Il faut relever que, avant le premier débat présidentiel, le monopole des débats était le fait des stations de radio, la télévision française privilégiant des émissions d’interviews, sans verser dans le duel entre acteurs politiques. Ainsi le premier débat duel radiophonique fut-il organisé par Europe 1 en 1962. La télévision reprendra en 1974 le modèle et ses conditions d’exercice, empreints d’austérité et sur la base d’un dispositif de face à face (modéré par un ou deux journalistes), en s’inspirant de cette première génération de débats radiophoniques (Delporte, 2001 : 74).

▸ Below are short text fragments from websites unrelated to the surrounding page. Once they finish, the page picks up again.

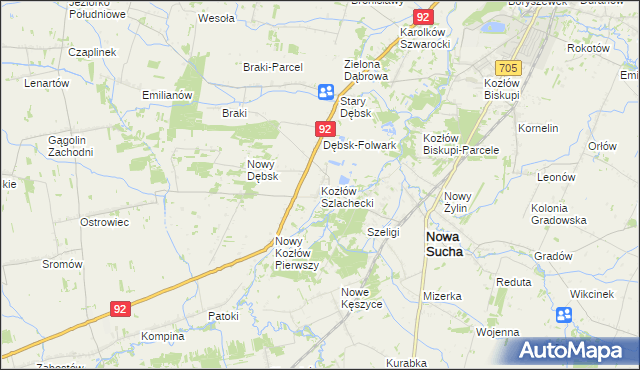 mapa Kozłów Szlachecki, Kozłów Szlachecki na mapie Targeo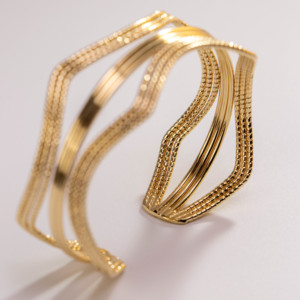 Brazalete Apilable Irregular de Aleación de Cobre Bañado en Oro de 18k, Joyería de Diseño Moderno para Fiestas y Regalos - Product Image 2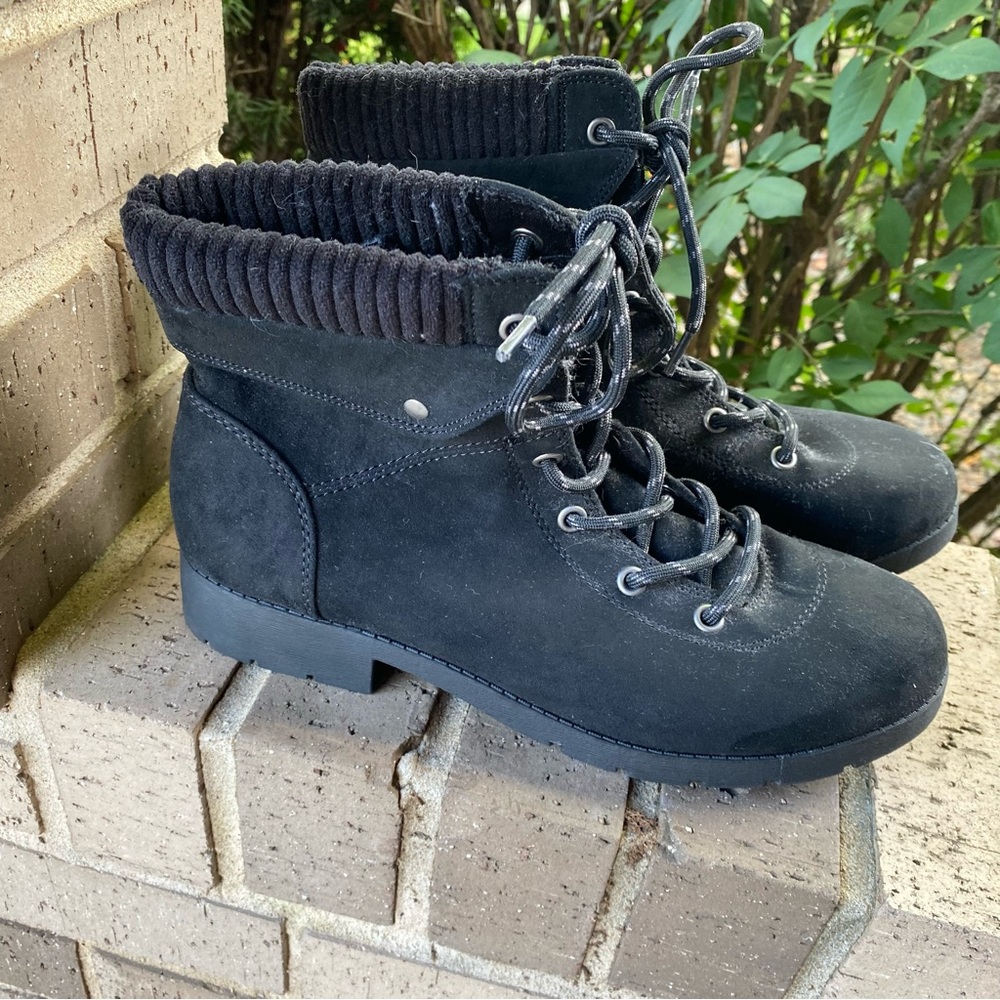 St. John’s Bay Black Lace-Up Ankle Boots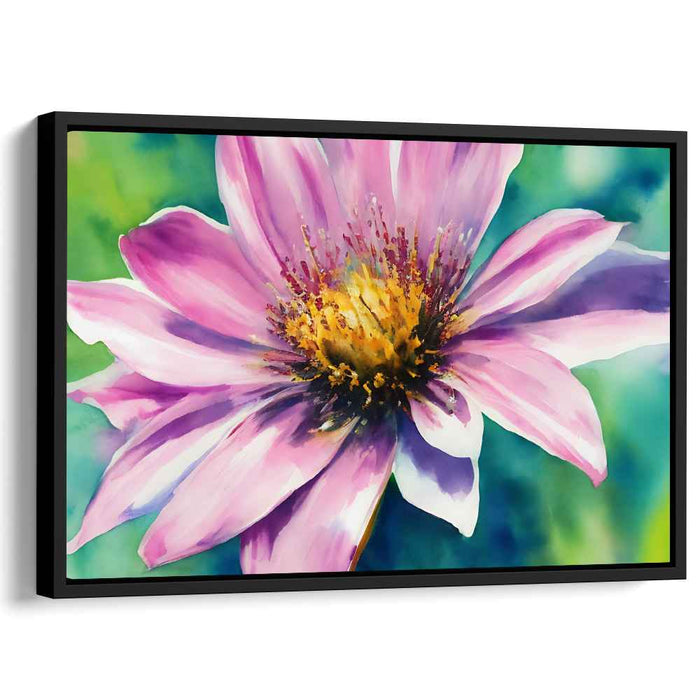 Blooms in Spring Showers: Vibrant Watercolor Floral Canvas Art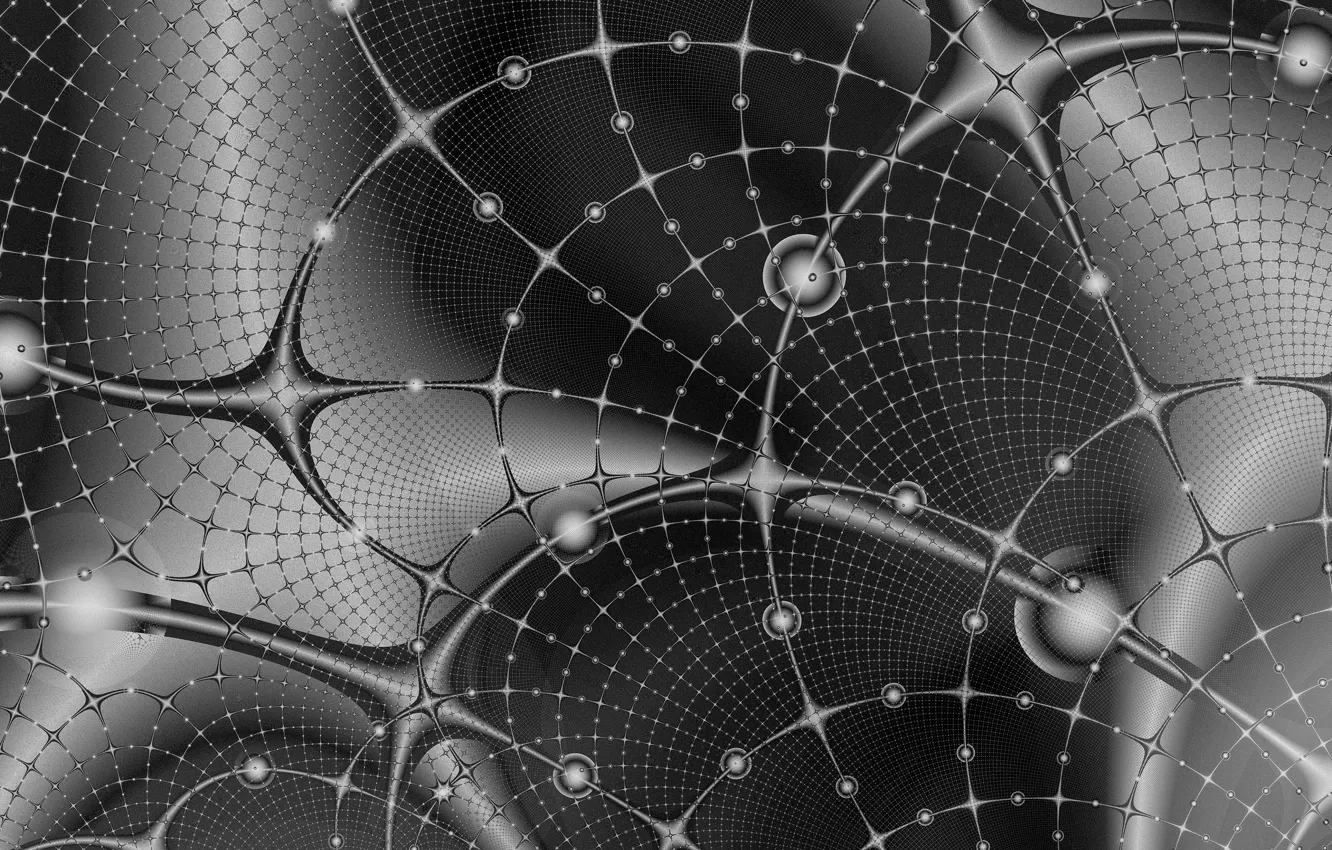 Фото обои абстракция, сетка, шары, черно-белый, узор, фрактал, орнамент, математическая вселенная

Sur le plan des recherches académiques, des analyses, dont certaines pionnières (Nel, 1991), ont souligné, grâce à des éclairages historicisants, l’intérêt qu’il y a à saisir les dispositifs qui structurent ces débats politiques télévisés : les dispositifs scéniques, conversationnels ou encore filmiques y sont appréhendés à travers des approches sémiotiques voire (sémio-)pragmatiques alors que d’autres approches, plutôt conversationnelles et argumentatives (Amossy, 1994 ; Gauthier, 1998 ; Kerbrat-Orecchioni, 2017) ont l’avantage de rendre compte des spécificités discursives et dialogiques de ces échanges. Enfin, le débat présidentiel télévisé peut aussi être saisi à l’aune d’une anthropologie de la communication. Ainsi Daniel Dayan et Elihu Katz (1996) conçoivent-ils ce débat à l’instar d’une cérémonie de « conquête » télévisuelle qui, contrairement aux programmes de flux, bouleverse les grilles de programmes et active des effets dramaturgiques propres aux conditions du direct : tant avant qu’après leur diffusion en direct, les commentaires et discussions autour de ces débats présidentiels participent, dans leurs termes, d’une vitalisation de la communitas d’une nation (communauté non structurée, égalité des individus, absence de hiérarchie), au détriment de la societas (corps social structuré et hiérarchisé, inégalités entre les individus), cette dernière mise en suspens. De telle sorte, des publics peuvent émerger et se maintenir, ne serait-ce que temporairement.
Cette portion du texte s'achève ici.